堆肥化はアルカリ条件下で微生物の力を利用し、好気的に温度を高めて分解させて作られたものであり、ボカシ肥は土と混合して熟成し肥料成分薄めて作物の根が障害を受けにくくしたものです。ボカシ肥は微生物活動によって作られていても堆肥ではなく、有機肥料の仲間に入ります。 ボカシ肥は種類が多く、土を入れないで作るものもあり、化学肥料を混合するものや、米糠に糖蜜や微生物資材を混合して嫌気性発酵したものもあります。 堆肥を使うとどんな効果があるか 堆肥には肥料の三大要素のほかに微量要素が供給される効果があり、増収、品質の向上、収穫の安定などの利点は大きい。堆肥の連用によってふかふかな通気性が豊かで保水性、排水性など土壌の改良がすすみ、安定した作物を栽培する基礎ができあがります。 完熟堆肥を使おう 未熟な堆肥を畑にいれると、細菌や糸状菌が急激に増え、その呼吸ガスや代謝産物が作物の根に障害を与えます。完熟堆肥とは分解するものがなくなり肥料成分が無機化して、作物が吸収できる状態になっているものをいいます。作物には障害を与えない安心して使える完熟堆肥を使いましょう。 未熟堆肥はどうするか 1ヶ月以上早めに畑に入れ分解を促します。未熟堆肥を畑に入れ、酸素の供給をよくするため浅めによく耕運しておきます。深く施用すると嫌気状態になって根は障害を受けやすくなります。 作付け後であれば、土の表面を覆うように散布しておき、直接根と接触しないで土の表面で分解させ、養分が次第に沁みこんでいくようにします。 完熟堆肥と未熟堆肥の見分け方 ミミズの反応によって見分ける方法。
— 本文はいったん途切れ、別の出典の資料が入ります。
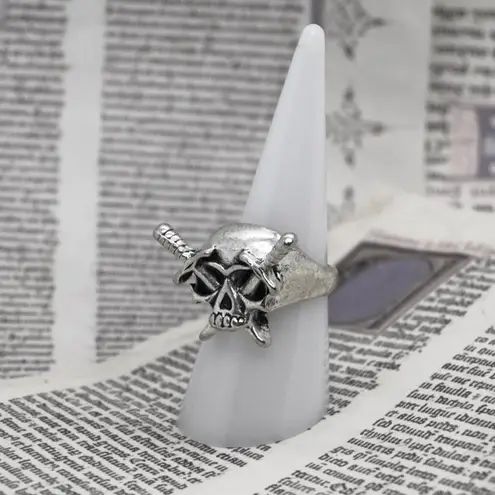 Skull and Swords Ring Silver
コップに1/3ほど少し湿った位の堆肥を入れて、観察します。 未熟堆肥:入れた直後に逃亡しようとする。1日で死滅する。 中熟堆肥:入れた直後多少嫌がる。1日後色が変化し、動きが悪くなる。 完熟堆肥:入れた直後すぐもぐる。1日後も変化なく元気。 私たちがホームセンターで購入する堆肥には発酵を促すため、動物の糞尿が使われていることが推測されます。東京都立衛生研究所の発表によると、ゼロパーセント近くまで減っていた日本人の寄生虫卵保有率が復活の兆しが現れていて、この原因に堆肥を多用した有機栽培の野菜との関係を疑われています。通常は堆肥の製造工程中の加熱によって寄生虫を死滅させるなどとされていますが、果たして確認検査がどれほどなされているのでしょうか。 更に動物の糞尿には、使われた餌、抗生物質や飼料添加物などの残留が、検査基準のないまま使用されていると言う問題も気にかかることです。 究極の安全な肥料は植物質だけを使い、時間をかけて完熟した堆肥ということになりますが、現実の農業ではその方向にはないようです。 私たち安全野菜の栽培をめざしている家庭菜園では突き詰めて考えたい問題です。